[Brief descriptive captions]
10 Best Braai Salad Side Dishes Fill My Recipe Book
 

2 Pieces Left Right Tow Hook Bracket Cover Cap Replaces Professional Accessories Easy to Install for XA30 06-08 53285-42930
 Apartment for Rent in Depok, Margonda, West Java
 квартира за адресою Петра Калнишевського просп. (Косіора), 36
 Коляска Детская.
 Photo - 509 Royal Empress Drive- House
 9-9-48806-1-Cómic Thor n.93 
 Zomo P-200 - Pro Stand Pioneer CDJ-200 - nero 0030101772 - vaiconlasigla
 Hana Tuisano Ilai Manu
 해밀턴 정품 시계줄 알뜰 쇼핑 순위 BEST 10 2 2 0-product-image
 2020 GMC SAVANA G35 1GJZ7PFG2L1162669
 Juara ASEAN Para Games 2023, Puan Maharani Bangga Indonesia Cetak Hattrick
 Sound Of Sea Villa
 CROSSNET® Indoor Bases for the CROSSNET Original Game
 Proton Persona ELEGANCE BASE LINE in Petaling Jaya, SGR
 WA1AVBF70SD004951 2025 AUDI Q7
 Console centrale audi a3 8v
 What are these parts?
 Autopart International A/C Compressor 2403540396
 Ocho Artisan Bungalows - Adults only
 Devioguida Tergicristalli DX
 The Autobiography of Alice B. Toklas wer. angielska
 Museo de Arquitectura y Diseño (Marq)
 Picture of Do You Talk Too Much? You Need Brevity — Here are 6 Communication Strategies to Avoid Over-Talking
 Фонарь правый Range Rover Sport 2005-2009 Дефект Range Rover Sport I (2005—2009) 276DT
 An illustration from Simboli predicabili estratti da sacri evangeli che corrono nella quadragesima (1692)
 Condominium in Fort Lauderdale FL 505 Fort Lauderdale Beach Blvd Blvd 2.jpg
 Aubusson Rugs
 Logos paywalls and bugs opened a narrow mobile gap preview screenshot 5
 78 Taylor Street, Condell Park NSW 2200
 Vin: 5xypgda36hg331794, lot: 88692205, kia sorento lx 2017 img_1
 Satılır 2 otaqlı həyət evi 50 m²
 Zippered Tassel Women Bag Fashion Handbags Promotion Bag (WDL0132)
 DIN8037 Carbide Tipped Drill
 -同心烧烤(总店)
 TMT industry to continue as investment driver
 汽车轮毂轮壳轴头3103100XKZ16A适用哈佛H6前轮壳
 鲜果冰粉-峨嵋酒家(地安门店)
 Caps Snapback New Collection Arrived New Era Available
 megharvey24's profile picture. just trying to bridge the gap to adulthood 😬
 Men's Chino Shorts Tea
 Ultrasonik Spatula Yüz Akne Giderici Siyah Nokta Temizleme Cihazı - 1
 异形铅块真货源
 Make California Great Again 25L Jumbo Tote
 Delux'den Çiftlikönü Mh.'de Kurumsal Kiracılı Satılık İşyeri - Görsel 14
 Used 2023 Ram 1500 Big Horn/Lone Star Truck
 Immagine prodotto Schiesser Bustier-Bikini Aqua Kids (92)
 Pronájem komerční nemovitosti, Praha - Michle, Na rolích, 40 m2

INSTRUCTIONS FOR THE TASK
Copy out each line of the data above, exactly, if it lies between the line holding "Aubusson Rugs" and the line holding "DIN8037 Carbide Tipped Drill", inclusive; copy no other line.

RESPONSE AREA
 Aubusson Rugs
 Logos paywalls and bugs opened a narrow mobile gap preview screenshot 5
 78 Taylor Street, Condell Park NSW 2200
 Vin: 5xypgda36hg331794, lot: 88692205, kia sorento lx 2017 img_1
 Satılır 2 otaqlı həyət evi 50 m²
 Zippered Tassel Women Bag Fashion Handbags Promotion Bag (WDL0132)
 DIN8037 Carbide Tipped Drill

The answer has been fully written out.